In the material below, begin at the line that has "Tattoos - Wintertiere", stop after the line that has "Couches & culottes duo pack Pampers", and transcribe those lines exactly, without pictures.

#### Data extracts
◆ ◆ ◆
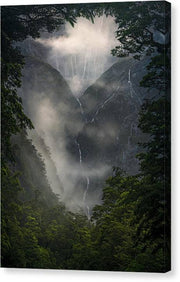 Tears from Milford Sound - Canvas Print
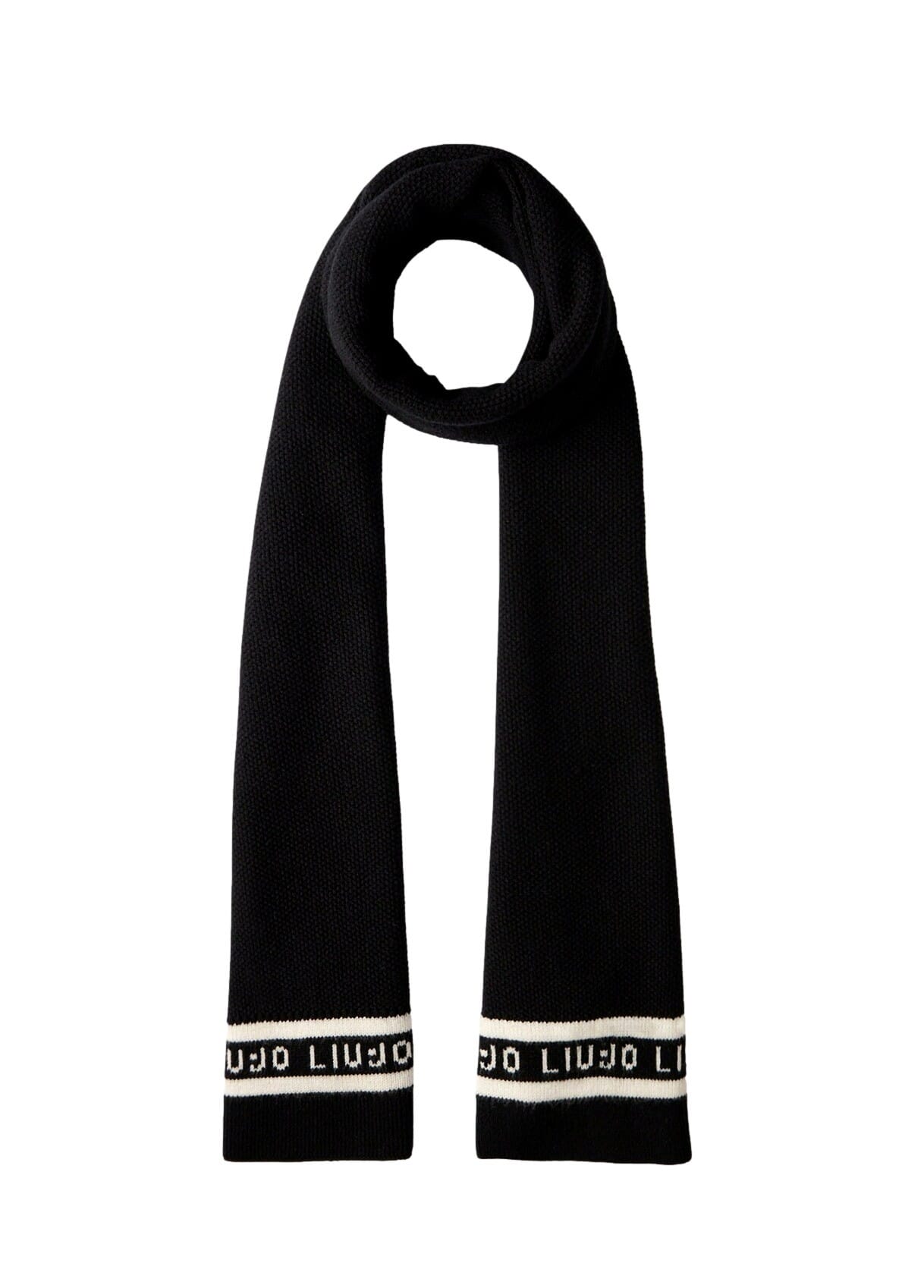 Sciarpa Con Logo E Perle Liu Jo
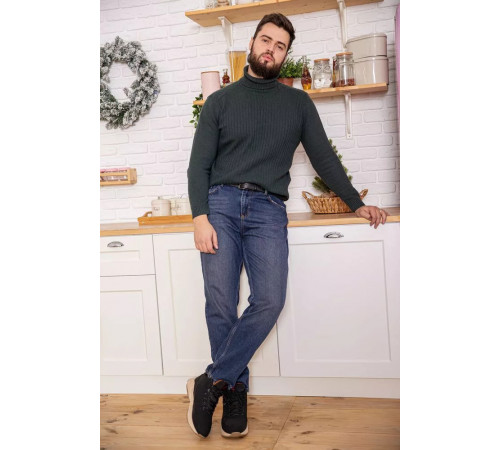 Джинсы мужские, цвет темно-синий, 157R3325009.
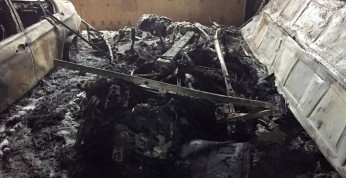 BMW i3 spłonęło w pożarze garażu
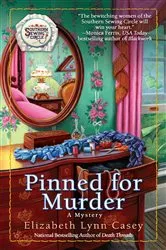 Book cover of Pinned for Murder by Elizabeth Lynn Casey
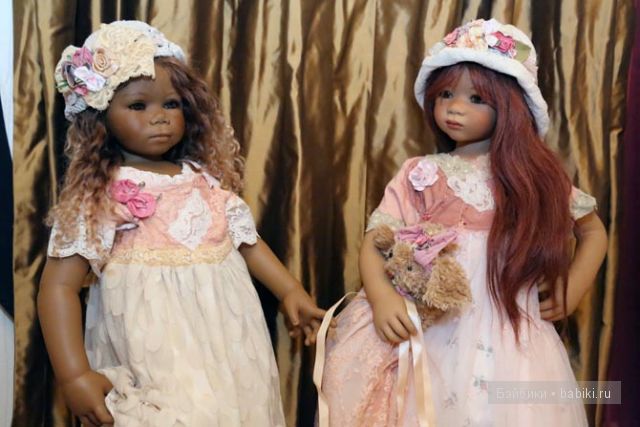 Мои новые девочки Анна Лу,Натити,Инари в новом образе... Куклы от Annette Himstedt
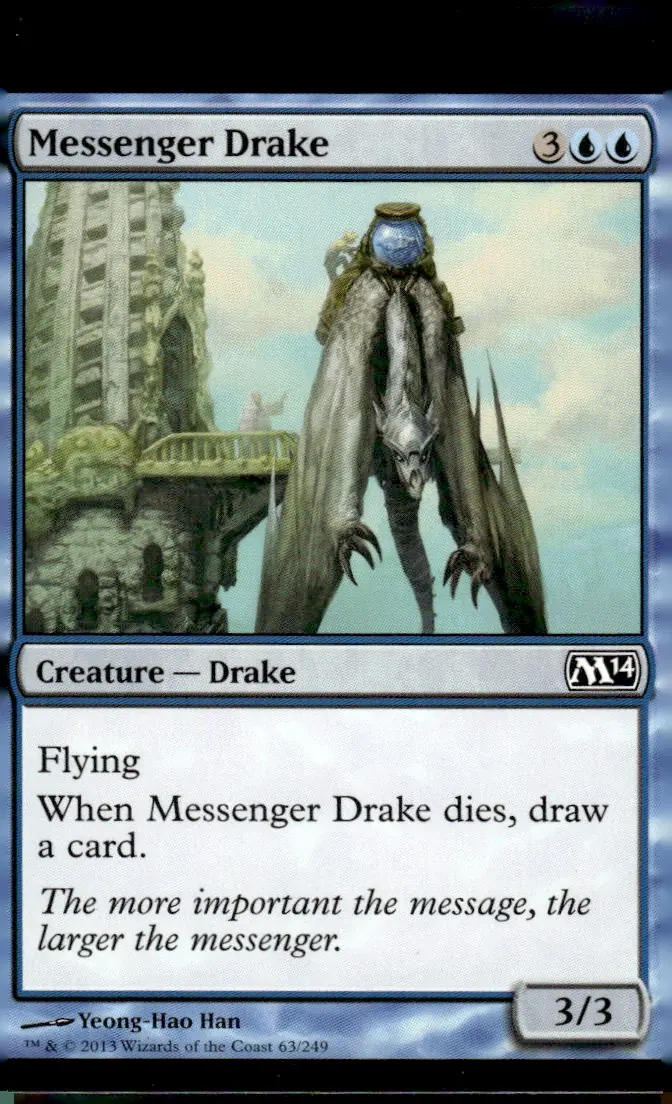 2013 Magic 2014 Core Set (M14) #63/249 Messenger Drake (front)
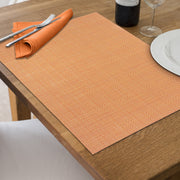 Mustard Linen Vinyl Placemat Set of 12 – Modern Table Decor, Easy-Clean Mats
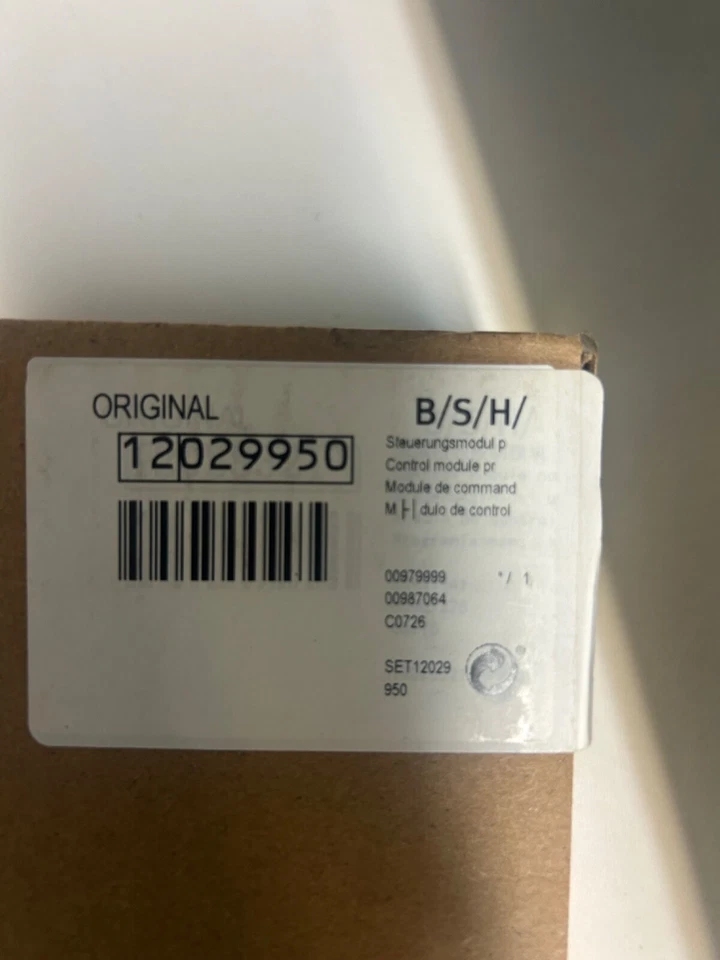 12029950, Bosch Control Board, Refrigerator Board - Image 1 of 1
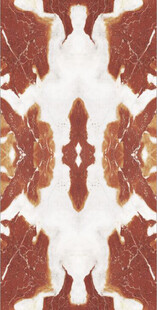 红色欧式拼花大理石石纹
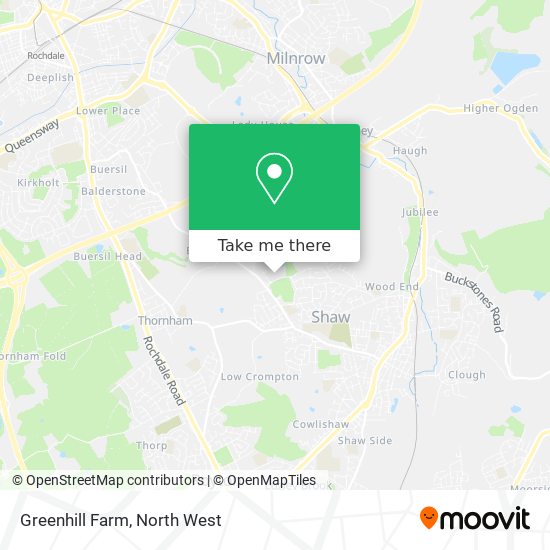 Greenhill Farm map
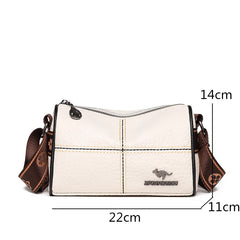 Soft Leather Crossbody Bag for Women Lady Tote Sac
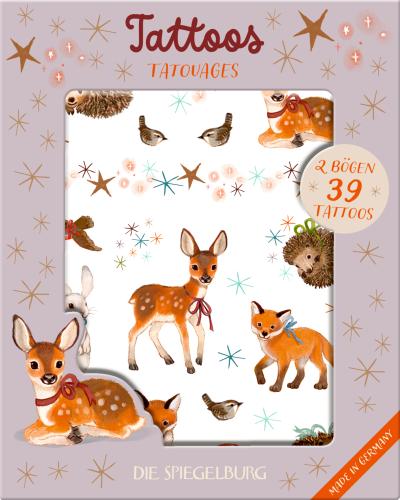 Tattoos - Wintertiere im Weihnachtswald - Die Spiegelburg
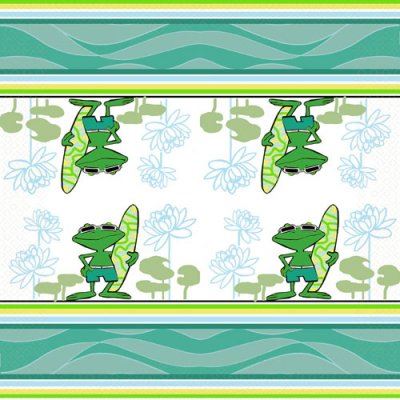 Cool Frog Napkins 33x33cmx20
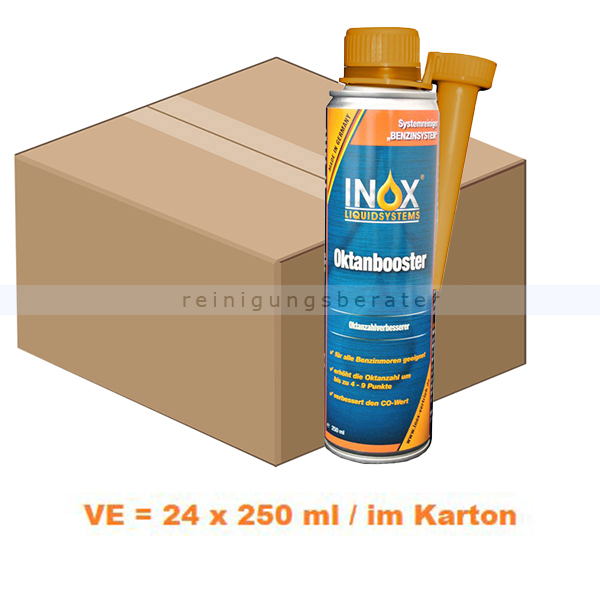 Additive für Fahrzeuge NOX Oktanbooster 24 x 250 ml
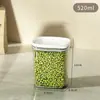 Frascos de plástico sellados de grado alimenticio, recipientes de almacenamiento a prueba de humedad para la cocina para granos y cereales, cajas de almacenamiento de granos y frijoles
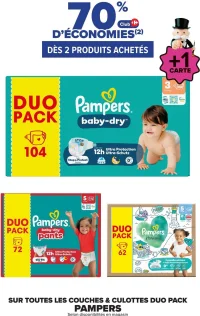 Couches & culottes duo pack Pampers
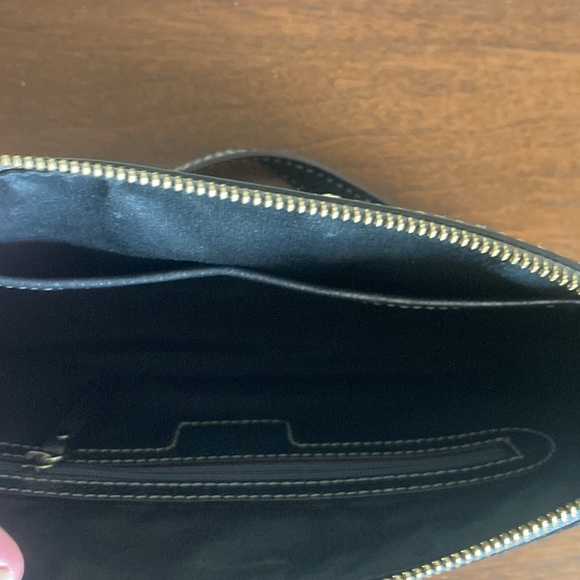 Kate Spade Silver Mini Purse with Gold Chain - Picture 3 of 7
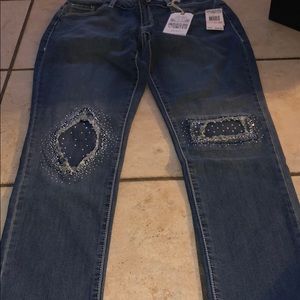 Size 13 Indigo United Skinny Ankle Jeans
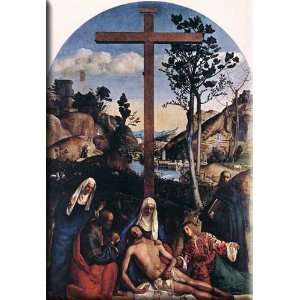  Deposition 11x16 Streched Canvas Art by Bellini, Giovanni 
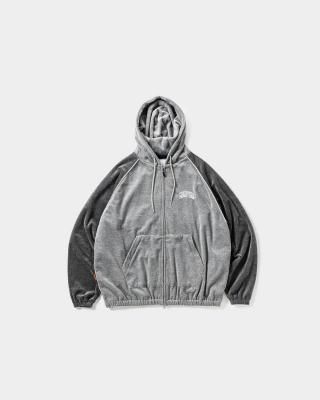 TIGHTBOOTH / VELOUR PIPING HOODED JKT / 3colors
◆ ◆ ◆
#### Response
 Tattoos - Wintertiere im Weihnachtswald - Die Spiegelburg
 Cool Frog Napkins 33x33cmx20
 Additive für Fahrzeuge NOX Oktanbooster 24 x 250 ml
 Frascos de plástico sellados de grado alimenticio, recipientes de almacenamiento a prueba de humedad para la cocina para granos y cereales, cajas de almacenamiento de granos y frijoles
 Couches & culottes duo pack Pampers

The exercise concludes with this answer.